Insurance Fraud NEWS
Bungled emails bust suspected setup wreck in UK
December 04, 2019, London,
A web of lies spun by four fraudsters was unravelled by detectives investigating their 'crash for cash' scam.
Police were called when insurers became suspicious about a claim for a collision on the M56 near Runcorn.
And when those involved - including three men from Wirral - offered different stories they ended up being prosecuted rather than paid out.
A ''crash" involving Arnold Flanagan, Levi Ireland, Jamie Howard and Thomas Johnson on July 21, 2016, led to a series of claims to insurers LV.
They were contacted about the incident when a solicitor for Ireland claimed his Mazda had been involved in a crash with a Fiat Punto.
But the insurers found a contact email address submitted by Ireland was the same as one used by Flanagan when he had taken out a policy for his Fiat Punto just three weeks before the incident.
When Flanagan submitted his own claim to LV over the alleged crash - followed by requests from Howard and Johnson, who said they were passengers in his Punto - the insurer became suspicious.
After finding social media links between the four, the insurer rejected the claims and contacted the police, leading to a probe by the City of London Police’s Insurance Fraud Enforcement Department (IFED).
Detectives then listened as interviews led to completely different stories being told by the men:
Ireland admitted he knew Flanagan, but said it was by chance Flanagan and Howard had crashed into the back of his car
Flanagan and Howard said their car had broken down and they phoned Ireland to come and tow them away. Flanagan said Ireland's car had collided with theirs three times whilst being towed
Howard said just one crash, not three, occurred
Johnson was not a passenger, but claimed Flanagan had offered him the chance to make some money if he agreed to say he was. Johnson said he agreed initially, but changed his mind and asked Flanagan to leave him out of the fraud.
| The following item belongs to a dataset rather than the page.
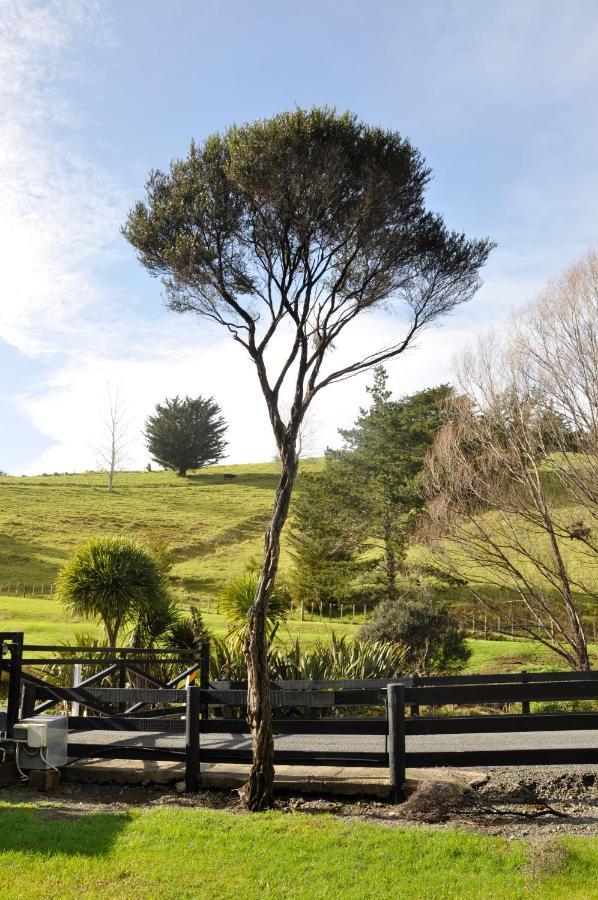 Matapouri & Tutukaka Spectacular Coastal Views- Aroha Luxury Guest Suite מראה חיצוני תמונה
When interviewed again, Flanagan admitted he had made a fraudulent insurance application as he did not have a driving licence, but maintained there had been no conspiracy to commit fraud.
However, Flanagan pleaded guilty to the conspiracy on the first day of his trial and Howard later changed his plea to guilty. Thomas Johnson and Levi Ireland had previously pleaded guilty before the trial began.